Há quatro anos, Raquel tenta matricular o estudante Charles Henrique na escola municipal do Parque Interlagos, bairro onde mora há quase cinco anos. Ela está na "fila de espera" e ocupa a posição 32º para ser chamada. No início de 2011, 18 novos estudantes conseguiram transferência para a mesma escola. Charles não estava entre os contemplados.
O problema da falta de vaga fez com que a criança fosse matriculada em uma escola estadual localizada a 6 km de distância do bairro onde ela mora. Por conta disso, a família tem de pagar R$ 100 por mês para o transporte particular do filho.
“O Charles não pode andar de ônibus sozinho, ele tem um problema neurológico. Hoje (25) estive com o secretário de Educação e conversamos sobre o assunto. Eu preciso de uma solução. Cansei de sofrer e de me humilhar”, disse Raquel.
Durante o protesto, Raquel chegou a dizer que cansou de receber a mesma resposta da rede pública municipal. “Sempre me informam que é preciso esperar pela oportunidade, mas nunca aconteceu nada. Gastar R$ 100 com transporte faz falta para a minha família. Em casa somos três pessoas e meu marido não tem emprego fixo.”
Verba para transporte
O secretário de Educação de São José, Alberto Alves Mano Marques, se reuniu na manhã desta sexta-feira (25) com a dona-de-casa para formalizar o pedido da bolsa auxílio de R$ 516 para a prefeitura.

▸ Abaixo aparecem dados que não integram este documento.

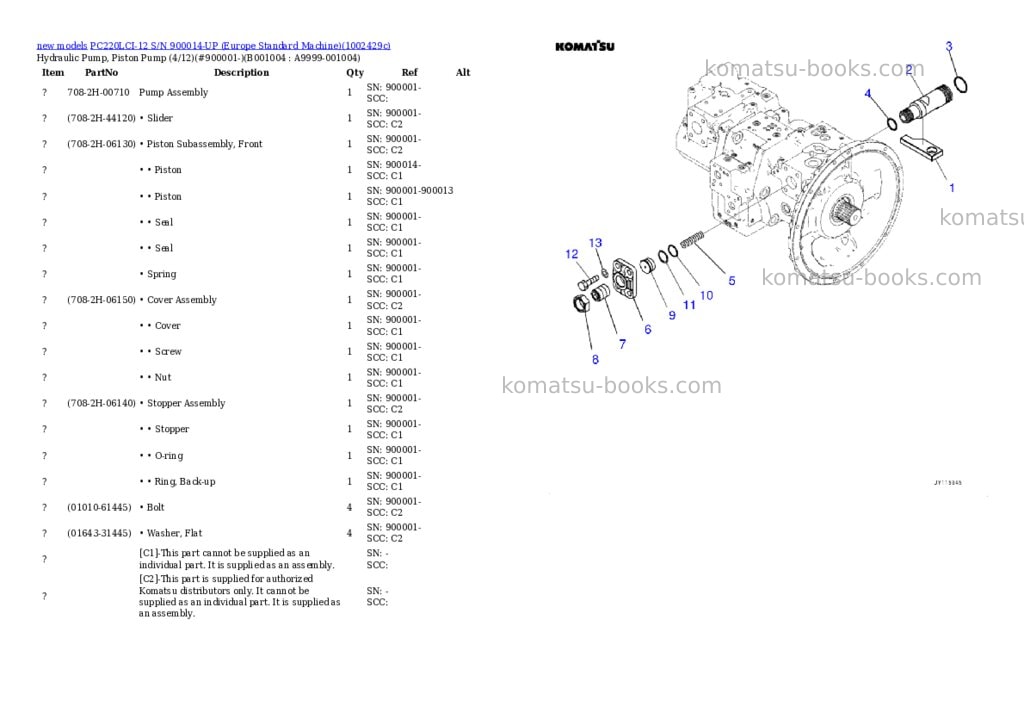 Komatsu PC220LCI-12 S/N 900014-UP (Europe Standard Machine) Parts catalog cover Page 4 Komatsu PC220LCI-12 S/N 900014-UP (Europe Standard Machine) Parts catalog cover Page 4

Mano Marques prometeu que o dinheiro será liberado a partir de abril e poderá ser destinado para os gastos com transportes e outras necessidades. Ele ainda entrou em contato com o proprietário da van pedindo prazo maior para a regularização dos débitos.

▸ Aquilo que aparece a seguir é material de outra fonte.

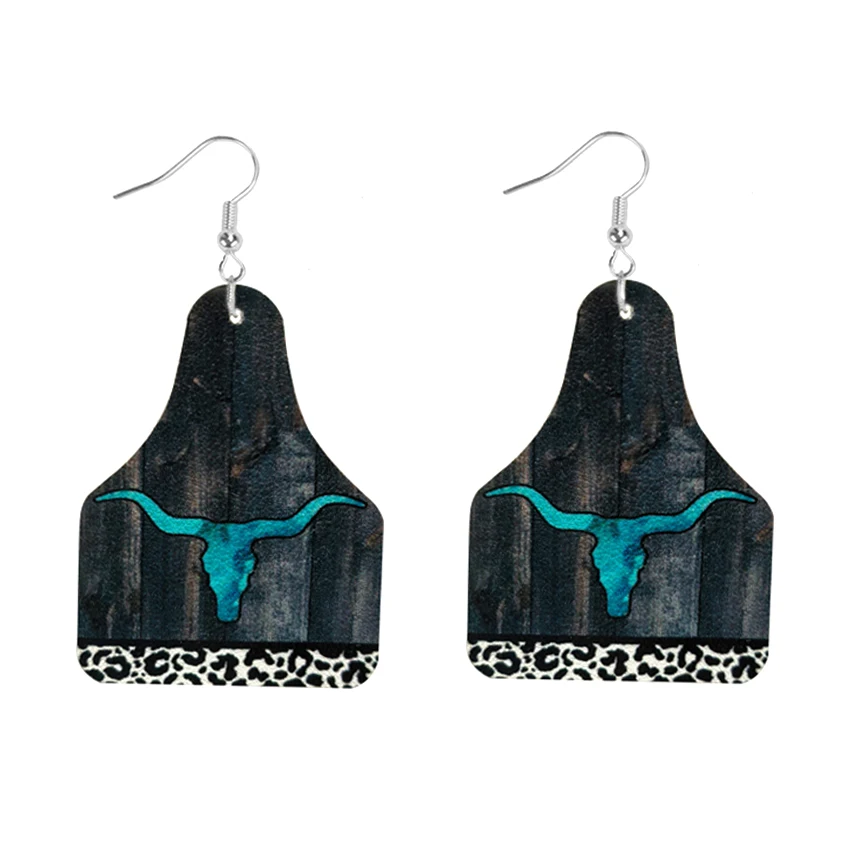 Западный Леопард бирюза корова Череп узор Longhorn ферма Бирка Серьги для женщин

O secretário se comprometeu ainda em arcar com os custos do transporte até o final de ano caso a bolsa auxílio não seja liberada.
Em contrapartida à ‘solução’, Raquel se comprometeu a concluir o ensino fundamental e se matricular em um dos cursos profissionalizantes da Secretaria de Desenvolvimento Social.

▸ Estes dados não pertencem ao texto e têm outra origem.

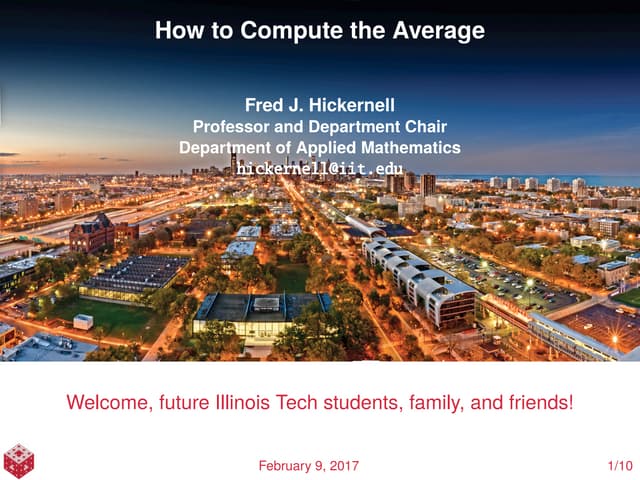IIT Scholarship Weekend Average Talk, 2017 February 9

Em relação à lista de espera, a assessoria de imprensa informou que todos os anos há uma grande demanda na procura por transferências para a rede municipal e que não há como atender a todos. Existem critérios estabelecidos que devem ser obedecidos. Atualmente, a escola municipal do Parque Interlagos atende a 1.260 alunos no ensino fundamental.